- _Items listed in a dataset_:
________
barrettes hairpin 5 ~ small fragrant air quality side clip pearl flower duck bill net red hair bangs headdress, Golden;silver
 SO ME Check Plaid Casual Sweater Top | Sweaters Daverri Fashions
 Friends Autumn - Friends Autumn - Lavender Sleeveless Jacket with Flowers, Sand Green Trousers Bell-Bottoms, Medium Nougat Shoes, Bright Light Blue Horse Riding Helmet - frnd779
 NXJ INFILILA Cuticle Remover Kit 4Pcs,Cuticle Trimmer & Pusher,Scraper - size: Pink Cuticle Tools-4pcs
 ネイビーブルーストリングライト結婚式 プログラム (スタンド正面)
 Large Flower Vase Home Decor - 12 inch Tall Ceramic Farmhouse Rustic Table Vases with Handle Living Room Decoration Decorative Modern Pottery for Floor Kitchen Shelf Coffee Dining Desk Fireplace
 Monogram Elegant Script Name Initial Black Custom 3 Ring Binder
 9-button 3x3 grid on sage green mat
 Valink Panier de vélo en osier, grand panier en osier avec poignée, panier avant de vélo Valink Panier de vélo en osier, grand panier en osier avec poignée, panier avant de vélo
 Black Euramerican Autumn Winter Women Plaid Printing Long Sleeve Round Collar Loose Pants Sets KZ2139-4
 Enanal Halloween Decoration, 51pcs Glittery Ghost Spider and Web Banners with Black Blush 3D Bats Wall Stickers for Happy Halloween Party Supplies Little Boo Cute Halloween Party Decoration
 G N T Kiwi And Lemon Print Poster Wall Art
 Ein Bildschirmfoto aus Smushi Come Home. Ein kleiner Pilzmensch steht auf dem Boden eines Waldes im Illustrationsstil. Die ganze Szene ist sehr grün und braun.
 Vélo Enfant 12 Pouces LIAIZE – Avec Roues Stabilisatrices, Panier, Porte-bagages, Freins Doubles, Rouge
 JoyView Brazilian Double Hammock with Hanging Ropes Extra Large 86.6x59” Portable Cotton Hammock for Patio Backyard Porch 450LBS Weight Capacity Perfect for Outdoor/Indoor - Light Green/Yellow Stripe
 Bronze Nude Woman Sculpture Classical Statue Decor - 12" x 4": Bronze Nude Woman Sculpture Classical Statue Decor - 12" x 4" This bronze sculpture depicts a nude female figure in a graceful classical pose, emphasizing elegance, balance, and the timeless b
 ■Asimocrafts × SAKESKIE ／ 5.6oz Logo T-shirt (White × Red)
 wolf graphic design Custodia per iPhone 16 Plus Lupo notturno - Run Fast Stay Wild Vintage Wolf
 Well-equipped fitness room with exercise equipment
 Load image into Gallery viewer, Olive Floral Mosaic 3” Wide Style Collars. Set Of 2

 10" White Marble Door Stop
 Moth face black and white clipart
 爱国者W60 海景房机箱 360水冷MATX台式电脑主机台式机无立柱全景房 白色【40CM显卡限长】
________
- _What to produce_: Copy verbatim the span of lines that begins with the line holding "Marble Door Stop" and ends at the last line of the records.

- _Response box_:
 10" White Marble Door Stop
 Moth face black and white clipart
 爱国者W60 海景房机箱 360水冷MATX台式电脑主机台式机无立柱全景房 白色【40CM显卡限长】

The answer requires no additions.